*WORK ORDER*.
Return, with both end lines included, exactly what the data below holds from the line with "full bathroom with" through the line with "kitchen featuring light", though not the pictures.

*AVAILABLE DATA*.
◇ ◇ ◇ ◇ ◇ ◇ ◇

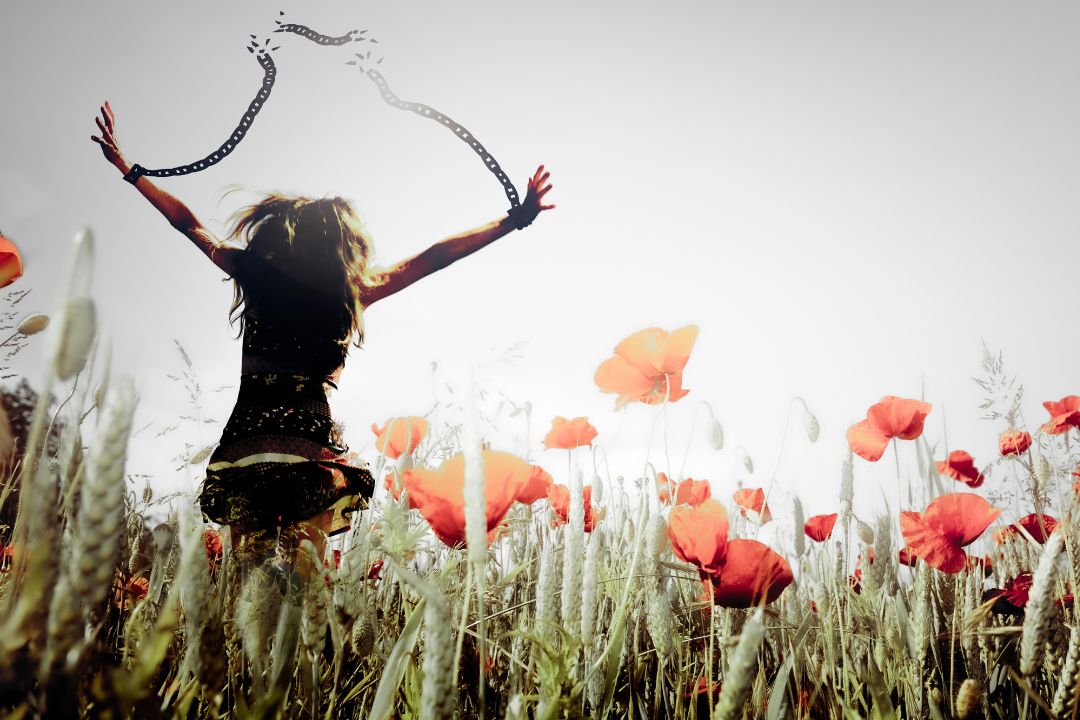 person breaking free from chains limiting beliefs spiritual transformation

◇ ◇ ◇ ◇ ◇ ◇ ◇

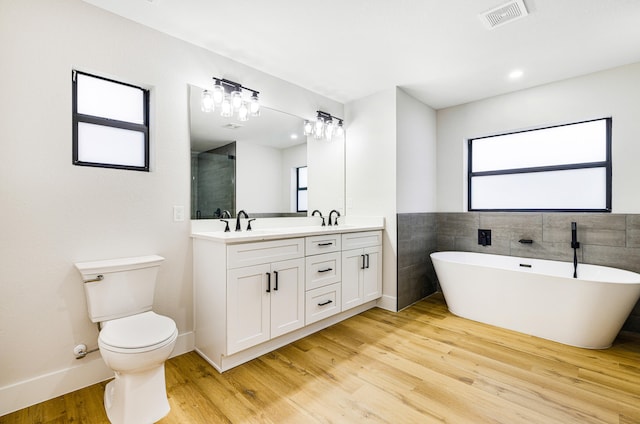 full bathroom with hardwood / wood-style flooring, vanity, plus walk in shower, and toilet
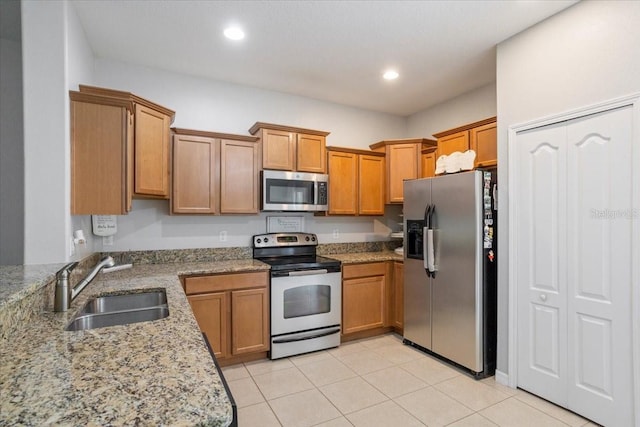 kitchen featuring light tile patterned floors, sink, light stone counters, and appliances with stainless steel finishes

◇ ◇ ◇ ◇ ◇ ◇ ◇

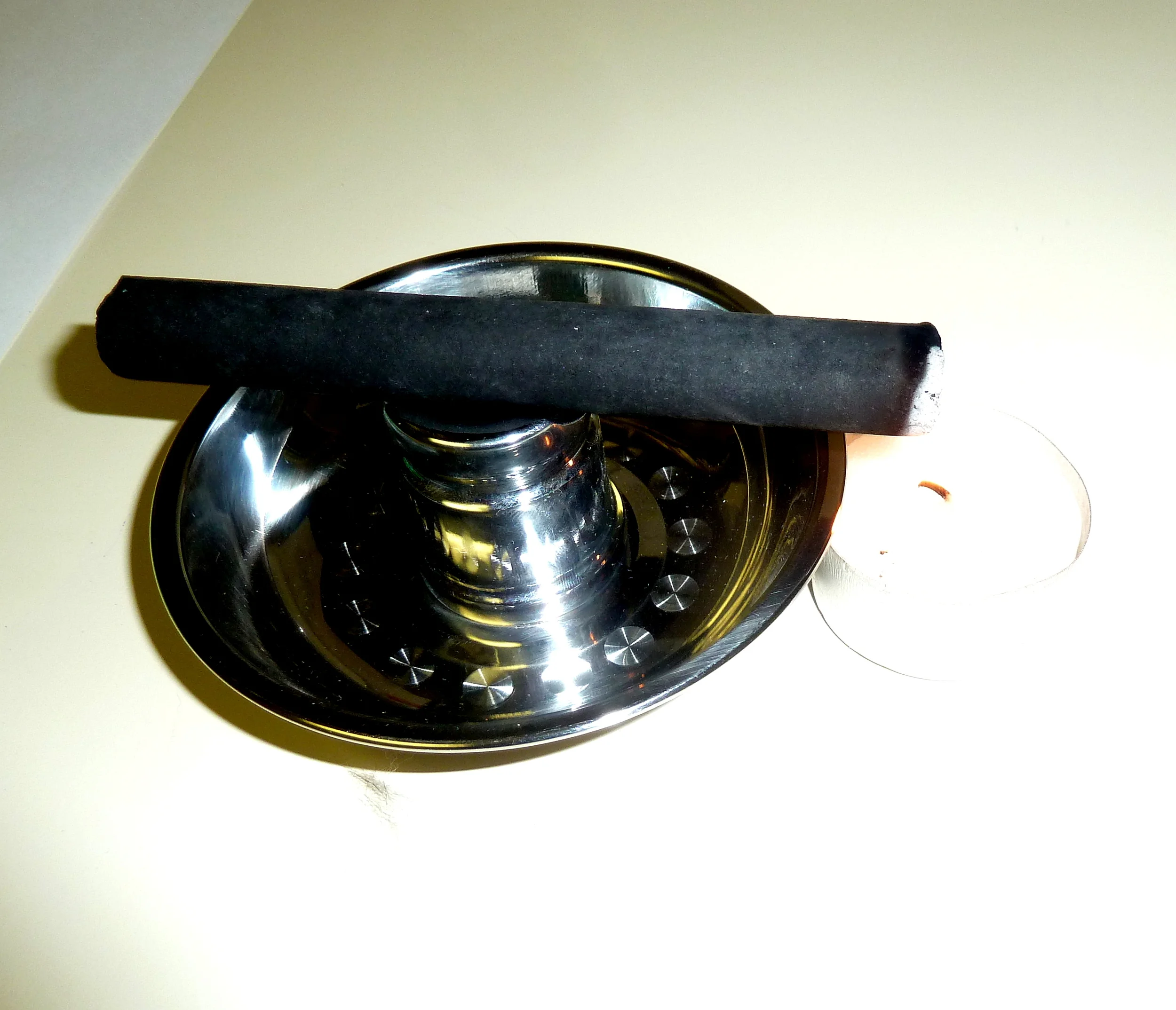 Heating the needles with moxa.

◇ ◇ ◇ ◇ ◇ ◇ ◇

*WRITTEN ANSWER*.
 full bathroom with hardwood / wood-style flooring, vanity, plus walk in shower, and toilet
 kitchen featuring light tile patterned floors, sink, light stone counters, and appliances with stainless steel finishes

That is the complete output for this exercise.